What the task asks: The full listing is to be transcribed exactly, with each picture left out.
### Supplied information
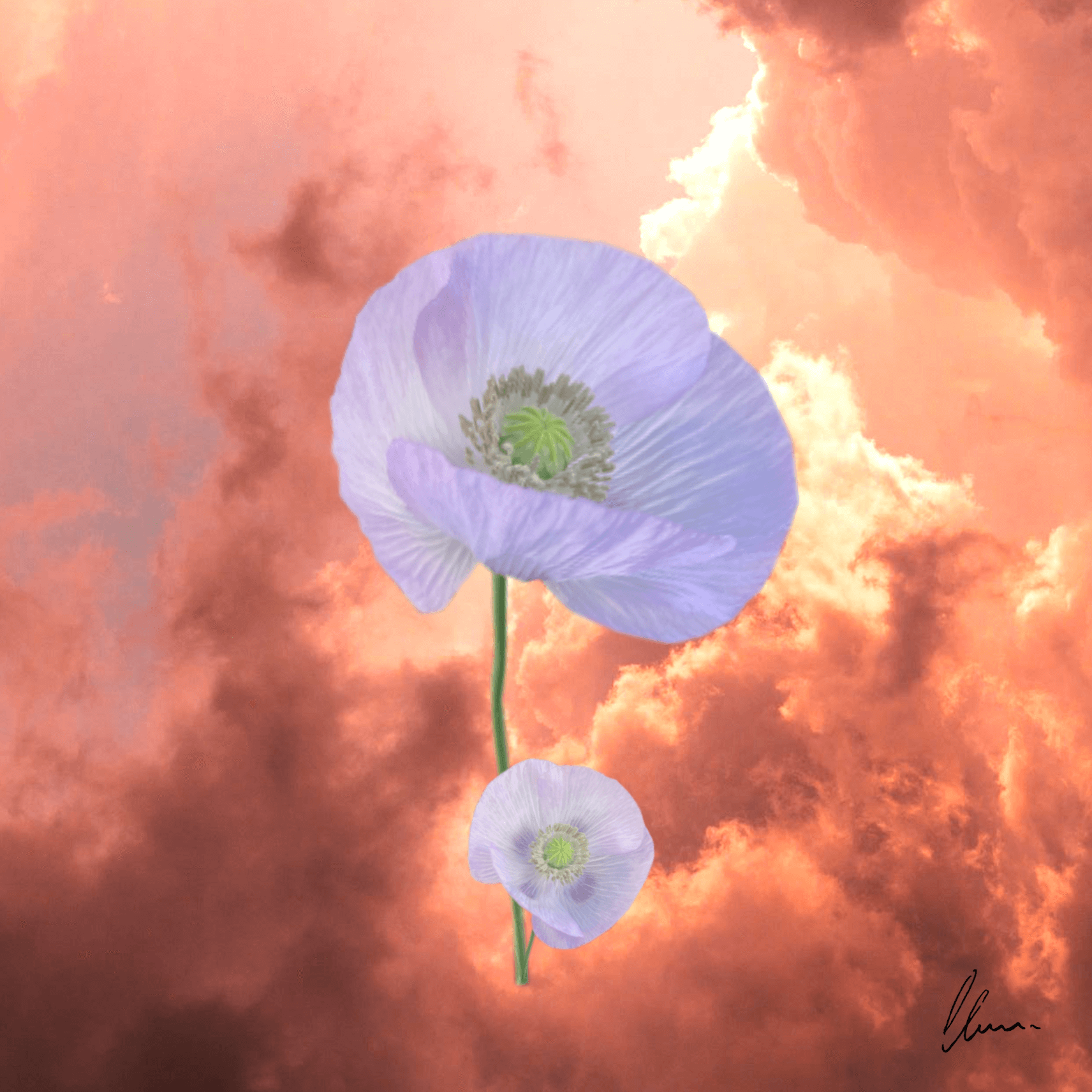 Collage de fotos originales y bonitas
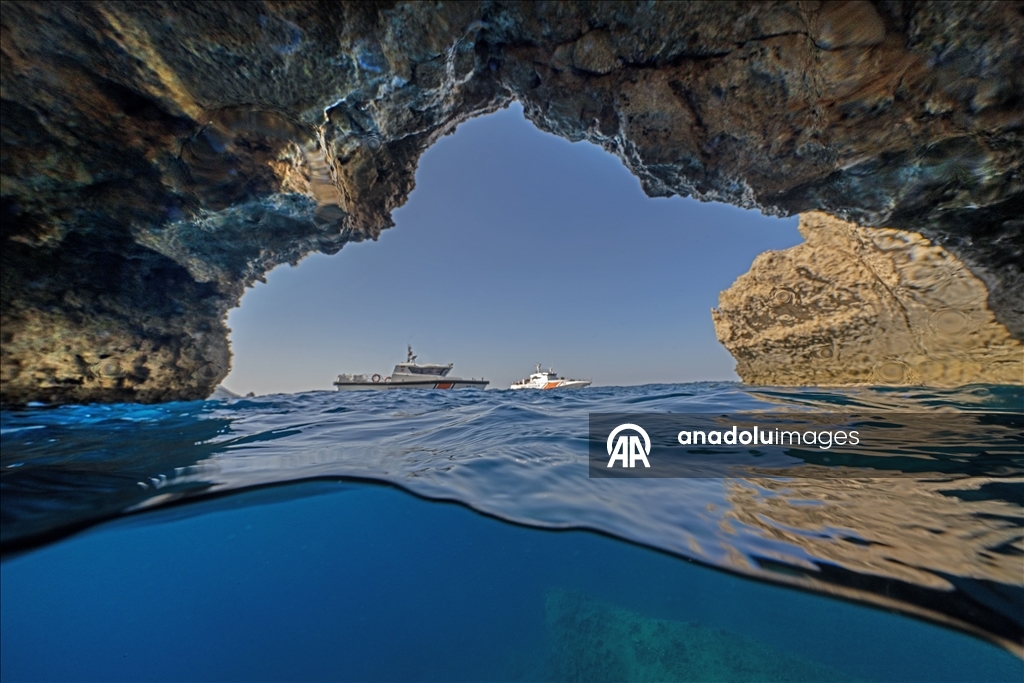 Дайверы запечатлели уникальное биоразнообразие глубин Восточного Средиземноморья 4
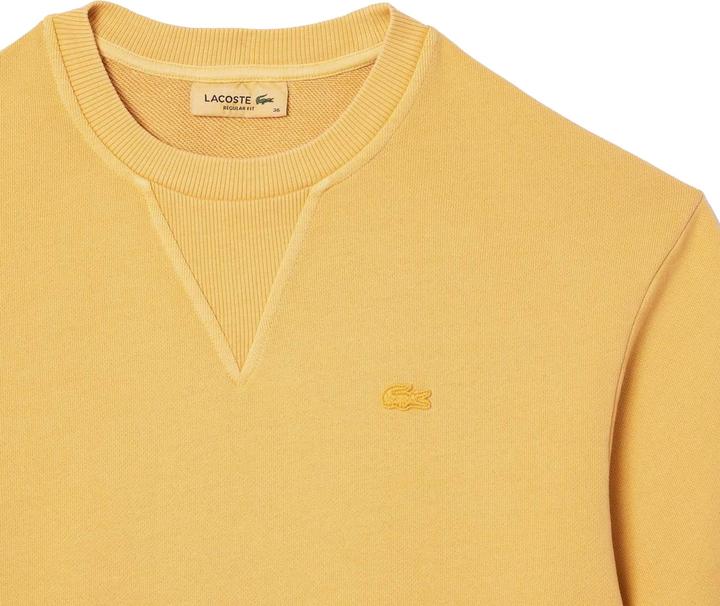 Immagine prodotto Lacoste Felpa con Cappuccio Oversize Donna (32)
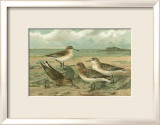 Shore Gathering III Prints by Franz Eugen Kohler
######
Answer:
 Collage de fotos originales y bonitas
 Дайверы запечатлели уникальное биоразнообразие глубин Восточного Средиземноморья 4
 Immagine prodotto Lacoste Felpa con Cappuccio Oversize Donna (32)
 Shore Gathering III Prints by Franz Eugen Kohler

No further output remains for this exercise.